▸ **Data for processing**

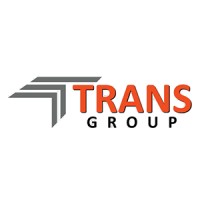 TransGroup logo, TransGroup contact details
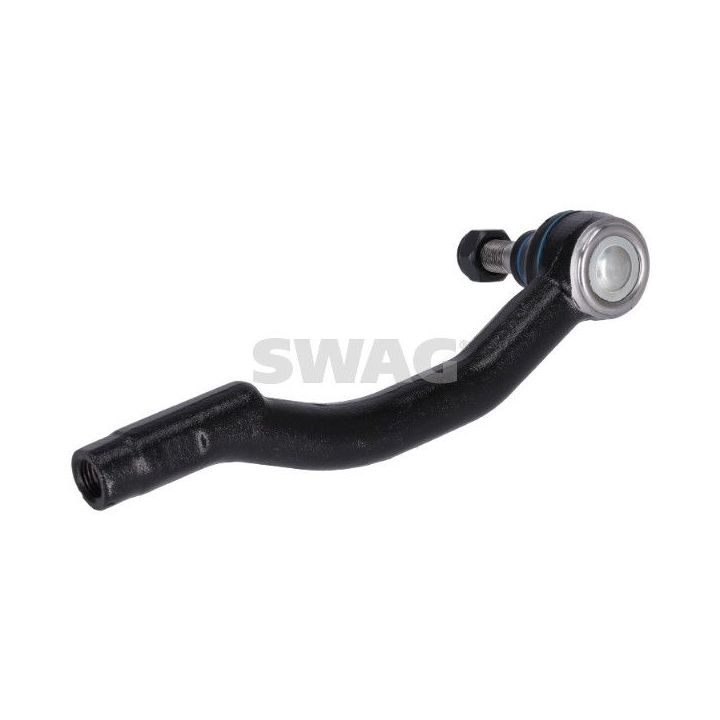 Skersinės vairo trauklės galas SWAG 83 94 2484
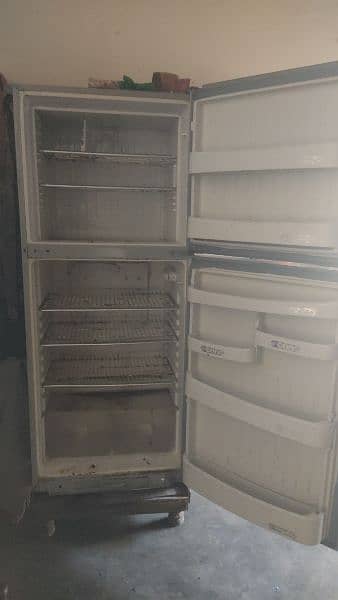 orient refrigerator 1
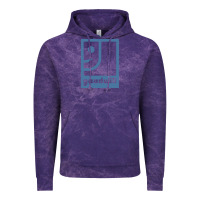 Cloud Purple GOODWILL Vintage Hoodie - artisFamous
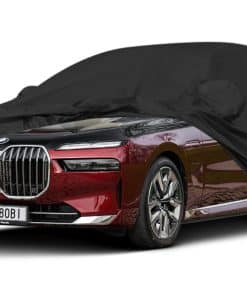 Cubierta Premium para automóvil 55TECH a medida para BMW 3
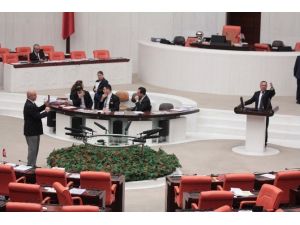 Meclis Kürsüsü Hatırası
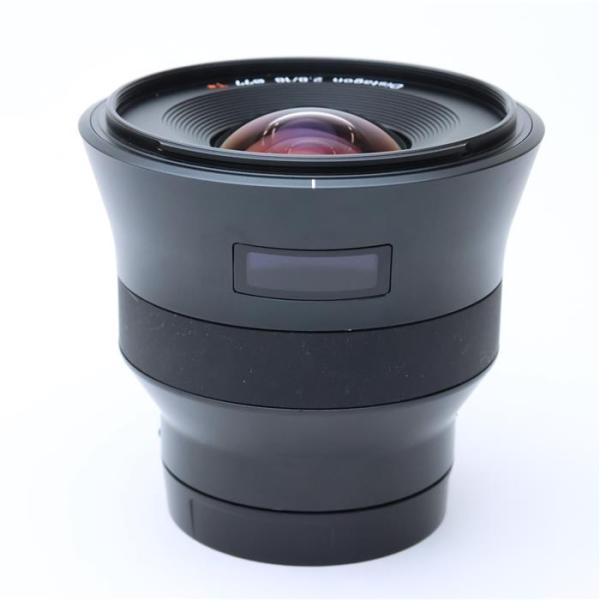 【美品】Zeiss Batis 18mm f2 Eマウントレンズ 新品)Carl Zeiss (カールツァイス) Batis 18mm F2.8（ソニーE用/フル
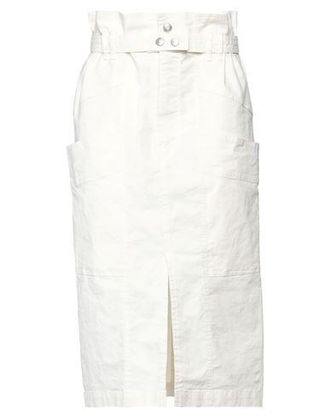 Isabel Marant BOTTOMWEAR - Midi skirts on YOOX.COM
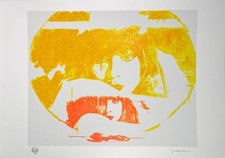 GIOSETTA FIORONI SERIGRAFIA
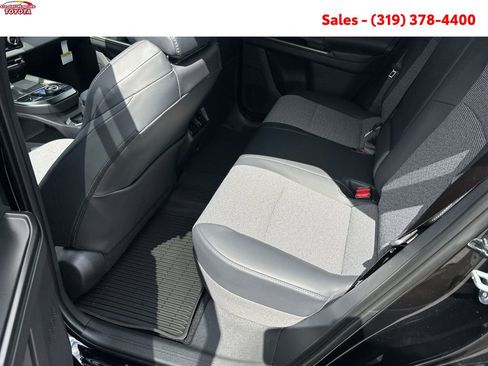 New 2026 Toyota bZ image 19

▸ **What the exercise asks**
Set down exactly the lines running from the beginning of the entries above to the line that contains "Isabel Marant BOTTOMWEAR", including both, and leave out pictures.

▸ **Task result**
 TransGroup logo, TransGroup contact details
 Skersinės vairo trauklės galas SWAG 83 94 2484
 orient refrigerator 1
 Cloud Purple GOODWILL Vintage Hoodie - artisFamous
 Cubierta Premium para automóvil 55TECH a medida para BMW 3
 Meclis Kürsüsü Hatırası
 【美品】Zeiss Batis 18mm f2 Eマウントレンズ 新品)Carl Zeiss (カールツァイス) Batis 18mm F2.8（ソニーE用/フル
 Isabel Marant BOTTOMWEAR - Midi skirts on YOOX.COM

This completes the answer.